Stewart v. Case

54 N.W. 938 | Minn. | 1893

The defendants were assessor and assistant assessor of the city of Minneapolis. In each of several counts as a *66 cause of action the complaint alleges that the defendants, acting in such capacities, wrongfully, unlawfully, willfully, and maliciously conspired, confederated, and agreed together with intent to injure the plaintiff, and to assess, and did so assess, certain of his real estate at certain sums, which it alleges to have been excessive, in equitable, and overvaluation, and that thereby he was compelled to pay, and did pay, for taxes a certain sum in excess of what he ought justly and legally to have paid.

It is unquestionable, and has been from the earliest days of the common law, that a judicial officer cannot be called to account. In a civil action for his determinations and acts in his judicial capacity; however erroneous or by whatever motives prompted. This rule and the reason for it are nowhere more clearly and emphatically stated than by Mr. Justice Cornell inStewart v. Cooley, 23 Minn. 350. The only question has been as to its application to officers whose duties are largely ministerial only, when they come to perform duties imposed on them in their nature judicial or quasi judicial, as is the case with an assessor under the tax laws. When he comes to determine the value of property he exercises a quasi judicial function; he must determine it upon his judgment. Judge Cooley, in his work on Taxation, (page 786,) lays it down that the exemption from private actions extends to assessors. If the rule protects such officers at all, it protects them for the same reason and to the same extent as in the case of judges of courts. There are but few decisions in which the question was directly involved. We are not referred to and do not find any holding that the exemption does not extend to such officers as assessors. The cases of Weaver v. Devendorf, 3 Denio, 117; Barhyte v. Shepherd,35 N.Y. 238; Western Railroad Co. v. Nolan, 48 N.Y. 513; Baker v.Allen, 21 Pick. 382, — hold that it does extend to them, and other decisions extend the rule to other officers when performing duties requiring the exercise of judgment. See Harrington v.Commissioners of Roads, 2 McCord, 400; Freeman v. Cornwall, 10 Johns. 470; Sage v. Laurain, 19 Mich. 137; Van Steenbergh v. Bigslow, 3 Wend. 42; Burton v. Fulton, 49 Pa. St. 151;Harman v. Tappenden, 1 East 555; Wall v.
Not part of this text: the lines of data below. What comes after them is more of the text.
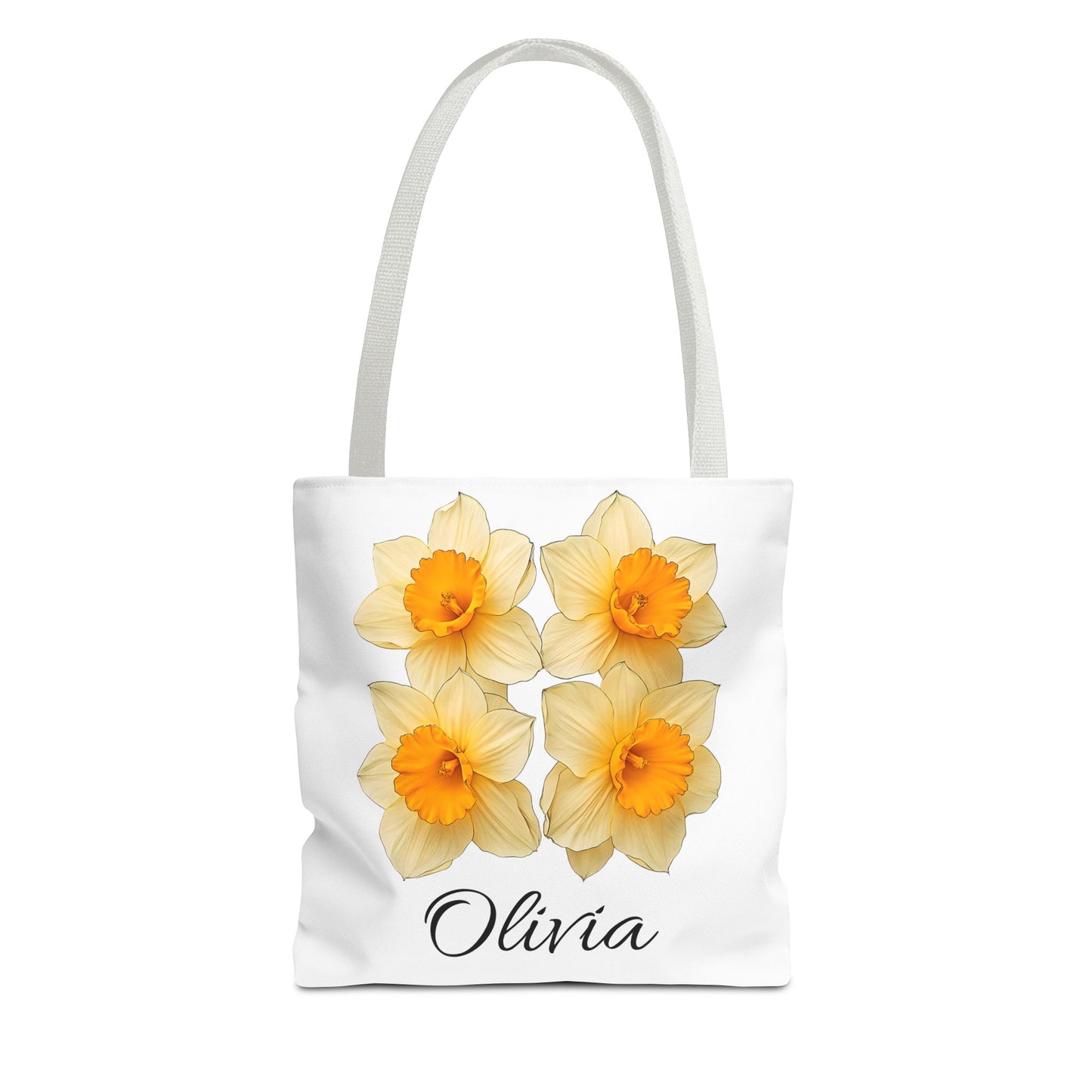 March Birth Month Flower Tote Bag, Easter Gift Bag, Custom Name Accessory, Daffodil Shoulder Bag, Women's Eco-Friendly Handbag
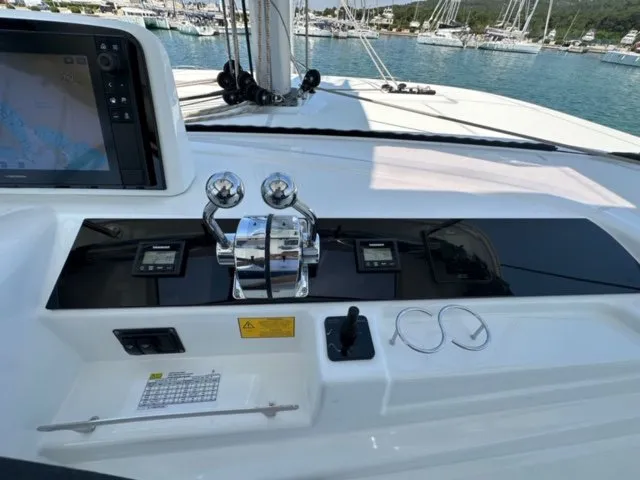 Cockpit of Mira, a Lagoon 46 catamaran at Sukošan, Croatia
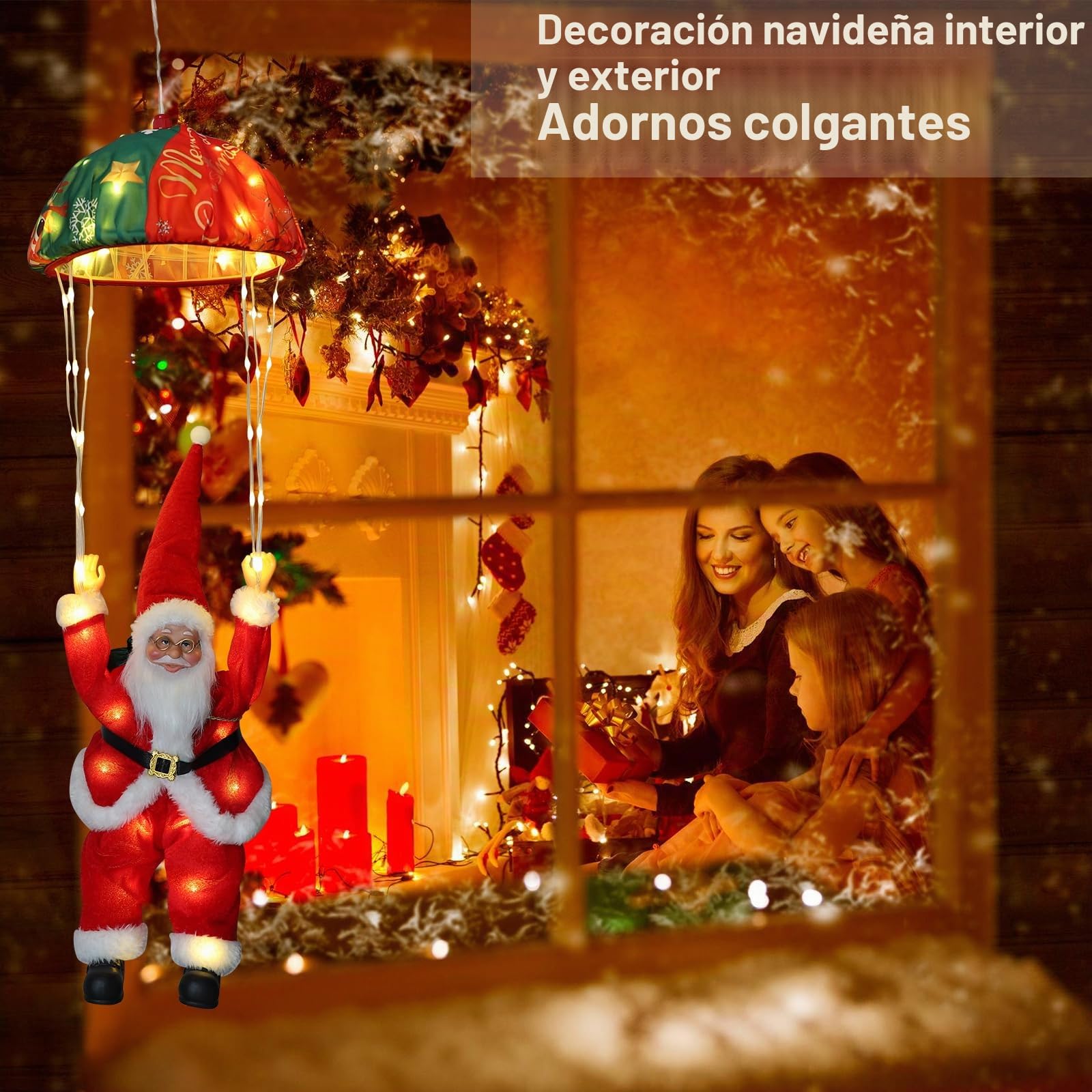 Auting Luces Navidad LED Paracaídas Papá Noel 8 Modos Temporizador | Función memoria para conservar ajustes, perfecta como decoración colgante en ventanas e interiores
Trunbull,16 Mich. 228.

The same reason which justifies the rule of exemption in the case *67 of judges of courts applies to assessors, when they are determining the value of property for the purposes of taxation. Protection is not extended to the judge for his own sake, but because the public interest requires full independence of action and decision on his part, uninfluenced by any fear or apprehension of consequences personal to himself, except in so far as he may be accountable to the state for the manner in which he shall discharge the duties intrusted to him. It is also for the public interest that assessors, in determining values for purposes of taxation, should possess the same independence. If they were liable to have the considerations upon which they make the valuations impeached at the suit of every dissatisfied property owner, it is doubtful if men fit to hold the office could be induced to take it.

Upon both reason and authority, therefore, we hold that the exemption includes assessors in making assessments to the same extent that it does judges in exercising their judicial functions.

The assessment being unimpeachable in this action, in contemplation of law the alleged agreement or combination to make an excessive assessment, even if in so agreeing defendants were acting outside their quasi judicial functions, did not result in any injury to appellant, and without injury the action cannot be maintained. If there were an overvaluation, the law affords another remedy.

Order affirmed.

VANDEABURGH, J., took no part in this decision.